Check it Out: Will Fits.me Fit Me?
Last time I was shopping at Nordstrom's, I was a little annoyed by the assistance I received from the personnel.
I was in the fitting room, getting ready to try on a sweater and a pair of jeans, when I heard a knock on the door. The salesperson asked if I wanted any help or needed any of the items I had in different sizes. I know the salesperson was just trying to do her job and help me out, but when I have no clothes on isn't the time to ask me if I need anything.
Now comes a solution that might better fit me: virtual fitting rooms.
Fits.me is a virtual fitting room for online clothing retailers. Fits.me is different from other virtual fitting rooms in that it doesn't require a webcam. All it needs is your measurements. Don't know your measurements? Fits.me provides you with a downloadable paper measuring tape you can print out and use. Also, Fits.me offers a revolutionary breakthrough in the virtual fitting room field, something the other virtual fitting rooms don't offer: a moving mannequin that adjusts to your precise shape and size. Tobi's version, for example, which is used by Fashionista, requires users to wave their hands to to get the options they want. What's more, users can only see the item they're trying on from a few angles, which they then need to reimpose themselves on. With Fits.me, you can see the item from every angle, and it may be a little easier to click than waving your arms to choose your options.
With Fits.me you can also see how tight or loose an item might be, or if the sleeves need to be longer, and so on. You might not be able to see your own face in the garment like you can with Tobi's version, but you'll have a better feel for how the item will fit because it's based on your actual size.

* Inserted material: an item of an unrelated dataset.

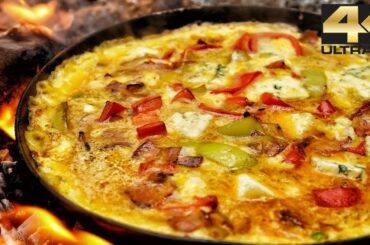 Best Frittata Recipe! - 4K Cooking ASMR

Returns are a big issue for any retailer, and virtual fitting rooms are likely to decrease returns. In fact, Quelle, an online retailer in Germany, did a trial run with Fits.me and saw its returns decrease by 28 percent — on top of the increase it saw in sales. Retailers that use virtual fitting rooms will most likely see their return rates improve during the upcoming holiday season as well. With measurements in hand, for example, Mom can pick out a shirt for you and know it fits. (Chances are, Mom knows your measurements.) One thing you still can't measure with a virtual fitting room, unfortunately, is good taste. Or the quality of the material being purchased. I bought a bathing suit online last September, and it fit me fine without using a virtual fitting room. The lining, however, wasn't what I expected. Differences in product materials and other details like that can and probably will be overlooked with virtual fitting rooms.
The other problem with Fits.me is that it's still relatively new. I was at the National Retail Federation's BIG Show in January, and I saw quite a few companies touting augmented reality tools. The buzz was that while virtual fitting rooms are a great idea, they aren't yet ready for mass adoption. And that's kind of true. Fits.me currently has only one version of its product, and it's targeted to men (a women's version is being tested). I have a suspicious feeling that mostly women will be using a service like this.
There are still a lot of kinks to work out with virtual fitting rooms in general. Having exact measurements, for example, doesn't necessarily mean a perfect fit. But it does equal a better one. Hey, once the kinks in virtual fitting rooms get worked out, I may never be bothered in a real fitting room ever again!